As each on-screen melée test the player's wits, so too does a soundtrack that is as much of the experience as the texture mapping. If one thing is evident, then, it is that Jeremy and Julian are versatile enough to orchestrate themselves from the ground upwards, forsaking the need to rely on someone else to flesh out the writing as many of their peers do. Every pitch, every duration, every marking is placed deliberately - using an incredible virtual orchestra that draws much from the indigenous instrumentation of the Native American nations (noticeably with clay flute and percussion), thanks to the composers' shrewd use of the revered Voices of Native America sample library. A testament to the Soules' grounded compositional technique and a thorough understanding of the game's demands. [Play "Back to the Ancient Land " MP3]
What makes Prey an even more exhilarating ride is the vast array of weaponry at the disposal of the game's protagonist and the musicians. Nowhere is this more evident than in the orchestral tour-de-force that is "Splitting the Arrow". A standout cue from one of the game's pivotal moments, cleverly juxtaposing some of the game's primary themes (for reasons that I won't divulge), it hands a mouse and a full ammo clip to the Soule clan and sees them gun-down a raft of post-WWII USC film composition graduates whilst lobbing incendiaries at Béla Bartók. It's cerebral, it's war, and it's great fun! [Play "Splitting the Arrow" MP3]

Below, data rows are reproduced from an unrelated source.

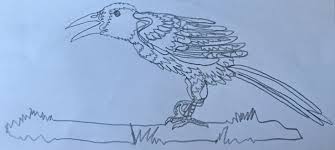 Sergio Ibarra Mellado Dibujos Con Un Solo Trazo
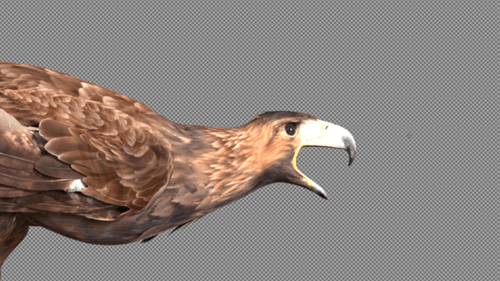 Gold Eagle Roar Call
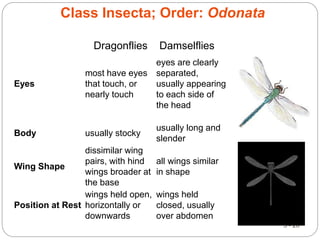 5 - 28
Class Insecta; Order: Odonata
Chapter
5
Pages
5-53
to
5-55
Crustaceans
–
Underwater
Arthropods
Eyes
most have eyes
that touch, or
nearly touch
eyes are clearly
separated,
usually appearing
to each side of
the head
Body usually stocky
usually long and
slender
Wing Shape
dissimilar wing
pairs, with hind
wings broader at
the base
all wings similar
in shape
Position at Rest
wings held open,
horizontally or
downwards
wings held
closed, usually
over abdomen
Dragonflies Damselflies
 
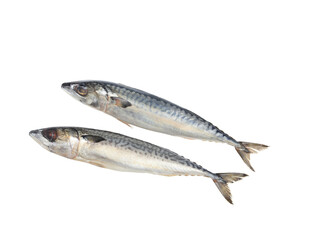 saba fish or mackerel in raw fresh on white background for sea food editing work. object background with clipping path.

With ardent PC and Xbox 360 gamers chomping at the byte for Prey's arrival, two volumes of music featuring Jeremy and Julian's soundtrack have been released in advance of the game's summer debut. Prey - Volume 1 and, unsurprisingly, Volume 2 showcase almost 145 minutes of courageous and thrilling music.
The albums are available exclusively for download at DirectSong.com, the gaming industry's leading music portal. Whilst you'll require Windows Media Player (version 7.1 upwards) to play the music and transfer it between devices (the tracks have built-in DRM), DirectSong must be applauded for offering their content at 320kbps - as close to the rawness of CD quality audio available today via digital distribution and surely a kick in the teeth for their competition. [Play Raiding the Keeper's Fortress" MP3]
One thing is for sure, with Prey, the art of video game scoring has no longer been left to battle its way out of the spirit realm with a fourteen year-old kid at the controls. There are some adults out there and they've got bigger guns.